Supported Model List:
- claude-opus-4-6
- claude-opus-4-6-thinking
- claudecode/claude-opus-4-6
- claudecode/claude-opus-4-6-thinking
- aws/claude-opus-4-6
- aws/claude-opus-4-6-thinking
Claude Opus 4.6 is a next-generation flagship model featuring adaptive thinking, a doubled output capacity of 128K tokens, and new context management tools like the Compaction API.
Claude Opus 4.6 represents the latest evolution in the Claude 4 model family, specifically optimized for complex coding tasks and autonomous agent development. The model maintains a standard 200K token context window, while offering a 1M token window in beta for extremely large datasets. A significant technical upgrade is the expansion of the maximum output limit to 128K tokens—twice the capacity of its predecessor—which facilitates longer internal reasoning chains and more comprehensive document generation.

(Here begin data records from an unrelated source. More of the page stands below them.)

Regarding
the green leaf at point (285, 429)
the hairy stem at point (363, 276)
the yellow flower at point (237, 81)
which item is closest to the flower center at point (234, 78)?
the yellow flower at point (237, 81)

The core of this release is the introduction of “Adaptive Thinking” mode. This feature allows the model to dynamically determine the appropriate depth of internal reasoning required for a given task. Instead of manually setting fixed token budgets, users now use an “effort” parameter to control thinking depth. At the highest effort level, the model applies its maximum cognitive capability to solve difficult problems, while lower effort levels allow for more cost-effective responses to simpler queries.
To improve the efficiency of long-term interactions, Claude Opus 4.6 introduces the Compaction API in beta. This feature provides automatic, server-side context summarization, effectively enabling infinite conversations by condensing earlier parts of a dialogue as it approaches the context window limit. Additionally, the release brings fine-grained tool streaming to general availability and adds data residency controls, allowing users to specify geographic routing for model inference via the new inference_geo parameter.
Developers should be aware of several architectural changes and deprecations. Claude Opus 4.6 no longer supports assistant message prefilling; requests containing prefilled messages will return an error, requiring a shift toward using structured outputs or system prompts for response guidance. Furthermore, the API has moved the structured output configuration to a new parameter location and deprecated older manual thinking configurations in favor of the new adaptive system.